Create an index
IndexTool
IndexTool is a simple commandline application to create a corpus and add documents to it.
Get the blacklab JAR and the required libraries (see Getting started). The libraries should be in a directory called lib
that's in the same directory as the BlackLab JAR (or elsewhere on the classpath).
Start the IndexTool
without parameters for help information:
java -cp "blacklab.jar:lib" nl.inl.blacklab.tools.IndexTool
(this assumes blacklab.jar
and the lib
subdirectory containing required libraries are located in the current directory)
(if you're on Windows, replace the classpath separator colon :
with a semicolon ;
)
To create a new index:
java -cp "blacklab.jar:lib" nl.inl.blacklab.tools.IndexTool create INDEX_DIR INPUT_FILES FORMAT
To add documents to an existing index:
java -cp "blacklab.jar:lib" nl.inl.blacklab.tools.IndexTool add INDEX_DIR INPUT_FILES FORMAT
If you specify a directory as the INPUT_FILES
, it will be scanned recursively.
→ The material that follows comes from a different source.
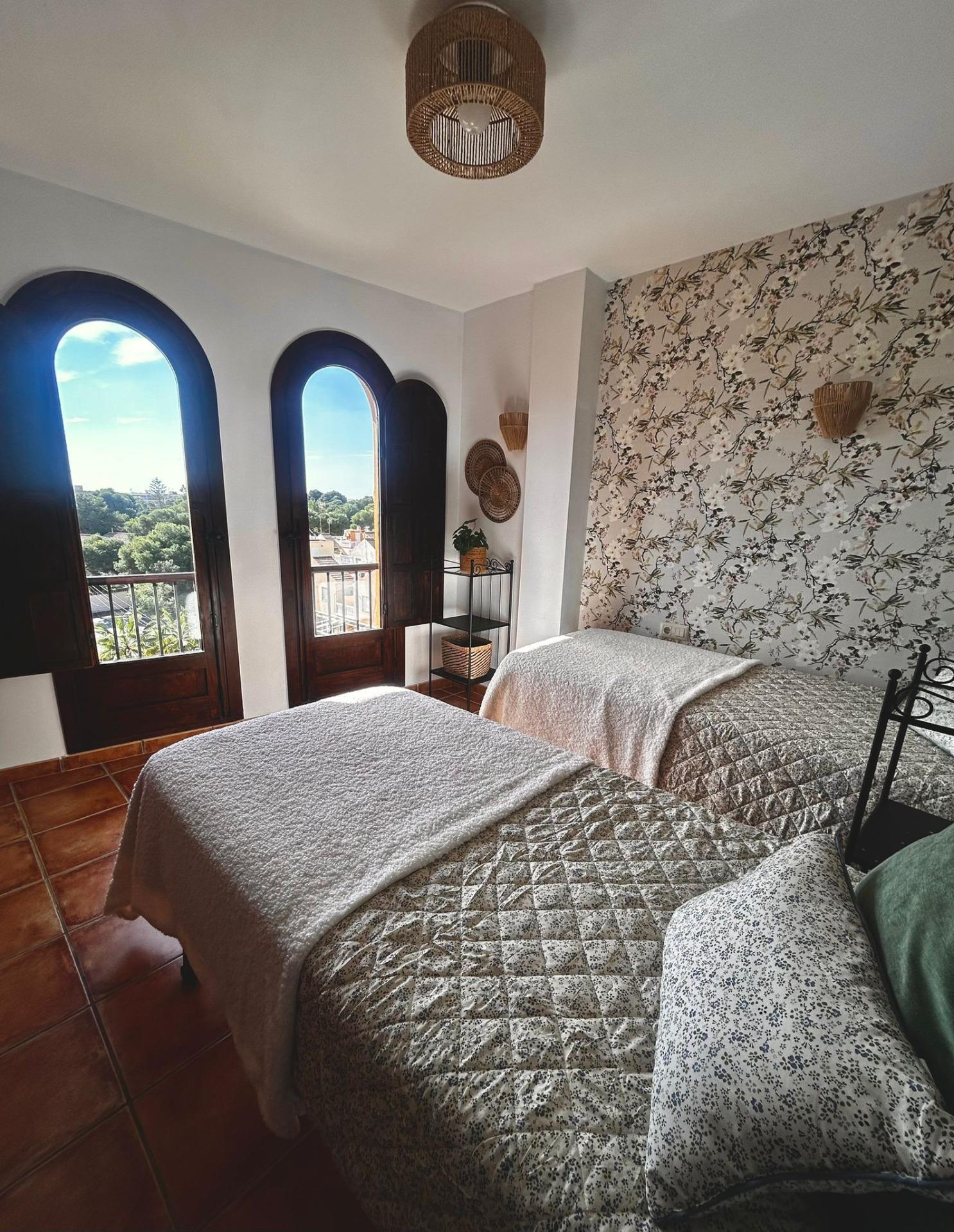 Bedroom in apartment for sale in Torrevieja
You can also specify a file glob (such as *.xml
; single-quote it if you're on Linux so it doesn't get expanded by the shell) or a single file. If you specify a .zip
or .tar.gz
file, BlackLab will automatically index the contents.
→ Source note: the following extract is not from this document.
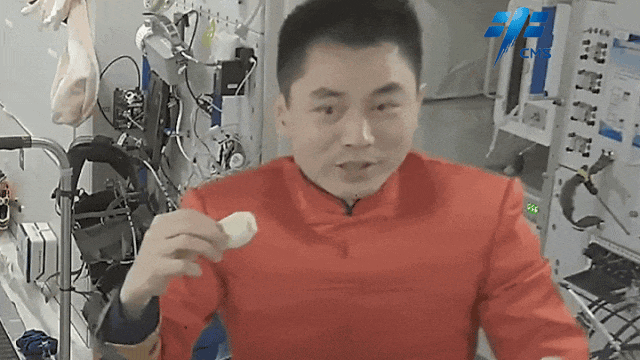 太空烧烤？？来看航天员们的“吃饭历程”<strong></p>
<p>千币</strong>！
For example, if you have TEI data in /data/input/my-tei-files
and want to index your corpus to /data/blacklab-corpora/my-corpus
, run the following command:
java -cp "blacklab.jar:lib" nl.inl.blacklab.tools.IndexTool create /data/blacklab-corpora/my-corpus /data/input/my-tei-files tei
Your data is indexed and placed in a new BlackLab index in the /data/blacklab-corpora/my-corpus
directory.
If you don't specify a glob, IndexTool will index *.xml
by default. You can specify a glob (like *.txt
or *
for all files) to change this.
TIP: Give Java enough memory
Please note that if you're indexing very large files, you should give java
more than the default heap memory using the -Xmx
option. For really large files, and if you have the memory, you could use -Xmx 6G
, for example.
To delete documents from an index:
java -cp "blacklab.jar:lib" nl.inl.blacklab.tools.IndexTool delete INDEX_DIR FILTER_QUERY
Here, FILTER_QUERY
is a metadata filter query in Lucene query language that matches the documents to delete. Deleting documents and re-adding them can be used to update documents.
Supported formats
BlackLab supports a number of input formats that are common in corpus linguistics:
tei
(Text Encoding Initiative, a popular XML format for linguistic resources, including corpora. Will index content inside the 'body' element; assumes part of speech is found in an attribute called 'type')sketch-wpl
(the TSV/XML hybrid "word per line" input format the Sketch Engine/CWB use)chat
(Codes for the Human Analysis of Transcripts, the format used by the CHILDES project)folia
(a corpus XML format popular in the Netherlands)tsv-frog
(tab-separated file as produced by the Frog annotation tool)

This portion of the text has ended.